If the audience doesn’t trust you, it won’t turn up for the concert. If there is no trust, people will be reluctant to listen to and engage with the performance – and, by the way, audiences are very good at sensing whether or not the performer trusts them!

When I hear of A Famous Pianist complaining about audiences or insisting that they sit through 2-hour programmes without applause or a comfort break because that would “interrupt the flow” of the performance, or who sneers at a perceived ignorance or lack of discernment in current audiences, I sense a lack of trust between performer and audience. In fact, this musician perhaps does not trust audiences at all, instead preferring to impose his will upon them.

Many performers are expert at creating a sense of connection and trust between themselves and audience from the moment they walk on stage – or even beforehand through posts and exchanges on social media (the British pianist Sir Stephen Hough is particularly skilled at this). Verbal and non-verbal cues can quickly set up a sense of shared experience and even friendship between artist and audience. Speak to the audience but in a language they can understand. Introduce the programme in a way that allows audiences to feel a connection to the performer – why is this music meaningful to them, for example? – rather than simply parrotting programme notes. Know your audience and where they’re coming from and respond accordingly.
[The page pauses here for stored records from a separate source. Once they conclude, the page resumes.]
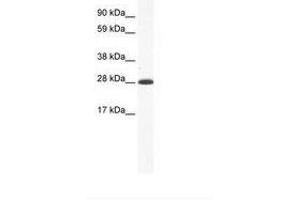 Image no. 1 for anti-Distal-Less Homeobox 4 (DLX4) (AA 57-106) antibody (ABIN202108) (DLX4 抗体  (AA 57-106))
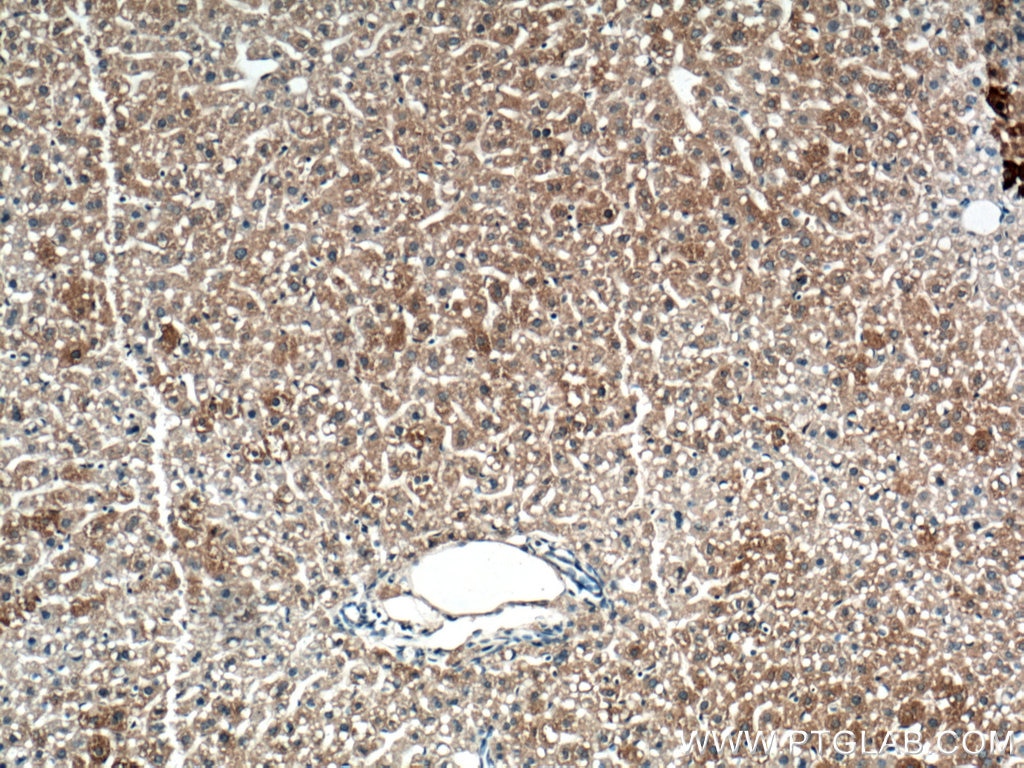 Immunohistochemistry (IHC) staining of mouse liver tissue using TIP47 Monoclonal antibody (66523-1-Ig)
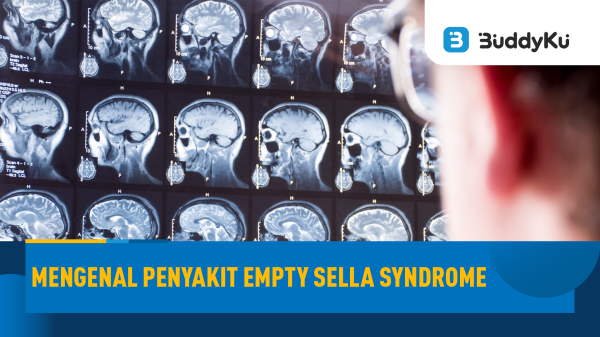 Mengenal Penyakit Empty Sella Syndrome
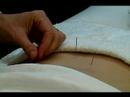 Akupunktur İle Ortak Rahatsızlıkları Tedavi : Akupunktur İle İdrar Sorunları Tedavi 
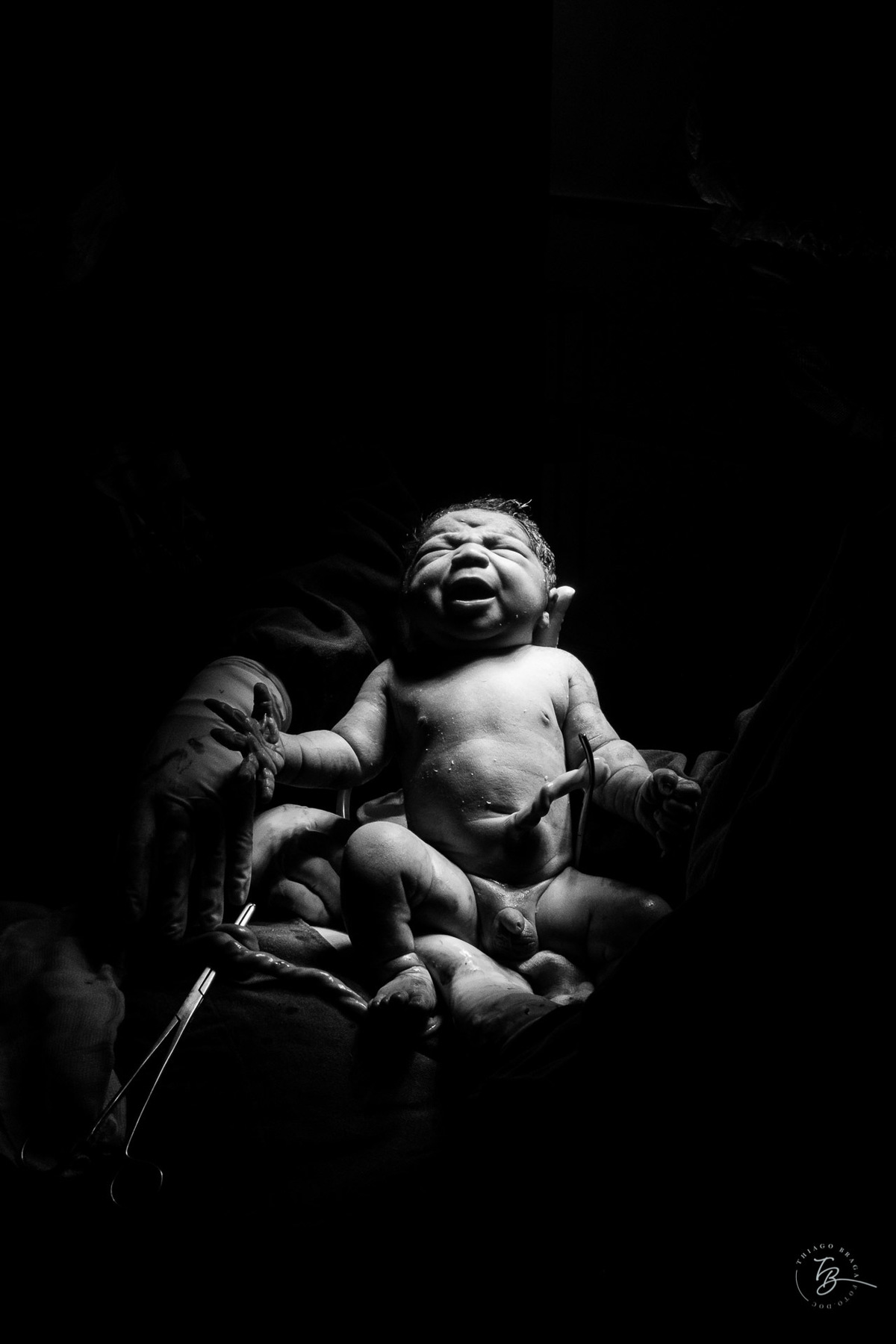 Fotografia de nascimento na maternidade ilha por Thiago Braga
Show your gratitude to the audience – by playing encores (if appropriate) or by greeting them after the concert in the green room or at a CD signing, for example.

Concerts are a customer-facing activity, and while some may baulk at such a phrase in relation to classical music, accepting and understanding this can go a long way to making audiences feel welcome and trusting. Do more “Put the customer first”, and audiences will reward you with their support and loyalty.